The resulting csv file will contain one row for each patent:

 

Confirmation Number,Patent Number,Attorney Docket Number,Location,Class / Subclass,First Named Inventor,Group Art Unit,Status Date,Status,Issue Date of Patent,Filing or 371 (c) Date,Title of Invention,Entity Status,Location Date,Application Type,AIA (First Inventor to File
),Application Number,Examiner Name
7981,"4,320,273",I0105991,FILE REPOSITORY (FRANCONIA),219/999.999,MITSUYUKI KIUCHI (JP),2103,03-16-1982,Patented Case,03-16-1982,01-22-1979,APPARATUS FOR HEATING AN ELECTRICALLY CONDUCTIVE COOKING UTENSILE BY MAGNETIC INDUCTION,Undiscounted,06-10-1999,Utility,No,"06/005,57
4","LEUNG, PHILIP H"
7994,"4,245,042",NONE,FILE REPOSITORY (FRANCONIA),435/030,,1302,09-27-1980,Patented Case,01-13-1981,01-22-1979,DEVICE FOR HARVESTING CELL CULTURES,Undiscounted,06-10-1999,Utility,No,"06/005,587",

 

Now that all the patent meta-data has been extracted from the zip files, we can load it straight into SynerScope Marcato for further exploration. The set contains a bit over 400.000 patents, covering the period from 1979 to 1988.

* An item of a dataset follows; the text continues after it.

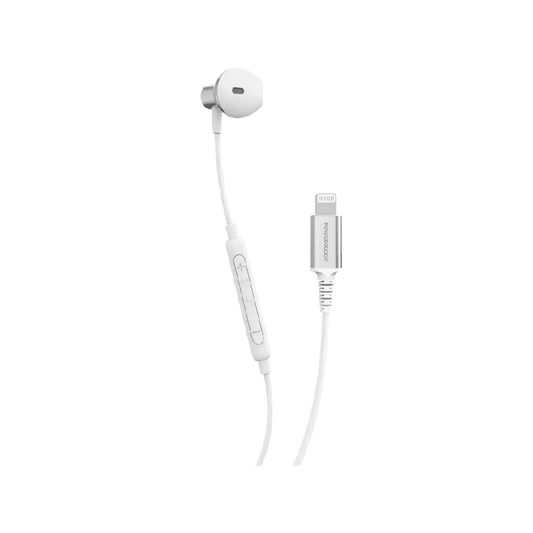 Powerology Lightning Mono Earphone for iPhone and iPad - White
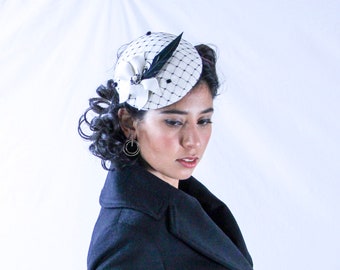 White & Black Felt - Women's Vintage Fascinator Hat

By selecting a few key fields, and by pointing Marcato to the on-line USPTO database, we can quickly set up a dashboard that shows the relation between patent attributes (such as status, class and location) and patent titles, and explore these all by filing or approval date.

With SynerScope Marcato we can also quickly identify temporal trends and explore the activity of certain groups of patents over time. When selecting a group of patents, key words directly pop up that identify this subset, truly combining analytics and search.

Patents on resin and polymer compositions, filed in categories 260/029, 260/042 and some others in the same range seem to have dropped off sharply after 1980.

Deleting your Cloud Dataproc cluster

You only need to run Cloud Dataproc clusters when you need then. When you are done with your cluster you can delete with the following command:

 

gcloud beta dataproc clusters delete test-cluster

 

You can also use the Google Developers Console to delete the cluster.